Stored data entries
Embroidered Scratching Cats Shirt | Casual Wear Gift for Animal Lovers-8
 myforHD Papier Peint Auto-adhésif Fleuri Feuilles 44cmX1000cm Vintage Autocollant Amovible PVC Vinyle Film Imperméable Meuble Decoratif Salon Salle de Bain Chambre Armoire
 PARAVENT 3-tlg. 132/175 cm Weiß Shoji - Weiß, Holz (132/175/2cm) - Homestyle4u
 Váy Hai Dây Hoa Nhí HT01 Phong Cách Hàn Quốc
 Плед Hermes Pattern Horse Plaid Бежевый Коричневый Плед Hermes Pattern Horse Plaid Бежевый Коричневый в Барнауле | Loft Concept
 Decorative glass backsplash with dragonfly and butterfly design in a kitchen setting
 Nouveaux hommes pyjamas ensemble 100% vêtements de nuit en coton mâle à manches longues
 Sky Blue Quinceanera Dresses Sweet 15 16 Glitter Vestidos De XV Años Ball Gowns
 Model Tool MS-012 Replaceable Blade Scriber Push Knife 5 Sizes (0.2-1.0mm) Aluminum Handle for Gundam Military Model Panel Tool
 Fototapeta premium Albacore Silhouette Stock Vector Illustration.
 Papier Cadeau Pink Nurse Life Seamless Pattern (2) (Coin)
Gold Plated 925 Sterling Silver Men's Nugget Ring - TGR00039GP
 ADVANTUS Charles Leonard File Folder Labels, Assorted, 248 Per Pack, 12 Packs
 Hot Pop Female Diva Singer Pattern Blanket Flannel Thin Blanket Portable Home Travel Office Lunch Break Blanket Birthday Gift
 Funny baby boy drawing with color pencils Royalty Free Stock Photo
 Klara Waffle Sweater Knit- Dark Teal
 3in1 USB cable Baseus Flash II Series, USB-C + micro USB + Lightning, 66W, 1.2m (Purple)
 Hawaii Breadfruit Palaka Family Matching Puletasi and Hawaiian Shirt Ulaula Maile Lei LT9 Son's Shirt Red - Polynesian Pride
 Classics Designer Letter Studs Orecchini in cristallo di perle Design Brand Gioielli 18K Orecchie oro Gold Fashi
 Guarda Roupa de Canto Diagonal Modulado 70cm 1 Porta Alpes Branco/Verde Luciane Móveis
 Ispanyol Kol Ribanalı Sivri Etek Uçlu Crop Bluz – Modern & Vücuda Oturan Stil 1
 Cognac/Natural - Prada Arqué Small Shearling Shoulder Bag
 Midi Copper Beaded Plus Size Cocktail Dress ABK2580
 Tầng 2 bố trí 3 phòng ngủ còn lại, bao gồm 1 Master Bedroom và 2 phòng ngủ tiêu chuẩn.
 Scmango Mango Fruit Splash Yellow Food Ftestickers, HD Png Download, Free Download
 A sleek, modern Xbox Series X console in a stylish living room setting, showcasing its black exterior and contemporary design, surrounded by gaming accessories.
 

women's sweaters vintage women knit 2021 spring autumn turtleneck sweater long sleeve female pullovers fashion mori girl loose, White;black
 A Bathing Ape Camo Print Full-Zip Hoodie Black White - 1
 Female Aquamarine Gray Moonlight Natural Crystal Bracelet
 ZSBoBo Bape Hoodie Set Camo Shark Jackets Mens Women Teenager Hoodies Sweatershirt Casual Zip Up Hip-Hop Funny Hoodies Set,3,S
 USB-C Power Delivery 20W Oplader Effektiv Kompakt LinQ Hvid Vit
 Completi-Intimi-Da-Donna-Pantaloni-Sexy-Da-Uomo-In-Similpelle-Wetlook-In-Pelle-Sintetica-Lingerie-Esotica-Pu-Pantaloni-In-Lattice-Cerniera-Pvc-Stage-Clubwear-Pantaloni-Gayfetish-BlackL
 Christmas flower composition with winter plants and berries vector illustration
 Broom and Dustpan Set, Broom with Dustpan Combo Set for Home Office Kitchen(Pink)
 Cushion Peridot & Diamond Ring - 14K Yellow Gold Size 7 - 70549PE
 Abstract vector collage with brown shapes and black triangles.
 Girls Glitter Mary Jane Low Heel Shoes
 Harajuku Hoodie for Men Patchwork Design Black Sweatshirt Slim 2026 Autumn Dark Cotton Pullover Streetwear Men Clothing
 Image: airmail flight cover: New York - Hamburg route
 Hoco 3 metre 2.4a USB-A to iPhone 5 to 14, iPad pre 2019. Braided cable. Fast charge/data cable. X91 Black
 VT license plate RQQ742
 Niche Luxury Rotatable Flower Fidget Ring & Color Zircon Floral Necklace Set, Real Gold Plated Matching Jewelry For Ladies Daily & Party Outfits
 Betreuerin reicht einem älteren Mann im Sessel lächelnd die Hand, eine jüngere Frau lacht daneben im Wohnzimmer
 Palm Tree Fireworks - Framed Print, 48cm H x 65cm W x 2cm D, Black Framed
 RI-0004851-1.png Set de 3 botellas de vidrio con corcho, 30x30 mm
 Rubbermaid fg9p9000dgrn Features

Problem statement: Please copy the lines above from the line with "ADVANTUS Charles Leonard" up to and including the line with "Scmango Mango Fruit", exactly as written and with nothing else.

Finished exercise:
 ADVANTUS Charles Leonard File Folder Labels, Assorted, 248 Per Pack, 12 Packs
 Hot Pop Female Diva Singer Pattern Blanket Flannel Thin Blanket Portable Home Travel Office Lunch Break Blanket Birthday Gift
 Funny baby boy drawing with color pencils Royalty Free Stock Photo
 Klara Waffle Sweater Knit- Dark Teal
 3in1 USB cable Baseus Flash II Series, USB-C + micro USB + Lightning, 66W, 1.2m (Purple)
 Hawaii Breadfruit Palaka Family Matching Puletasi and Hawaiian Shirt Ulaula Maile Lei LT9 Son's Shirt Red - Polynesian Pride
 Classics Designer Letter Studs Orecchini in cristallo di perle Design Brand Gioielli 18K Orecchie oro Gold Fashi
 Guarda Roupa de Canto Diagonal Modulado 70cm 1 Porta Alpes Branco/Verde Luciane Móveis
 Ispanyol Kol Ribanalı Sivri Etek Uçlu Crop Bluz – Modern & Vücuda Oturan Stil 1
 Cognac/Natural - Prada Arqué Small Shearling Shoulder Bag
 Midi Copper Beaded Plus Size Cocktail Dress ABK2580
 Tầng 2 bố trí 3 phòng ngủ còn lại, bao gồm 1 Master Bedroom và 2 phòng ngủ tiêu chuẩn.
 Scmango Mango Fruit Splash Yellow Food Ftestickers, HD Png Download, Free Download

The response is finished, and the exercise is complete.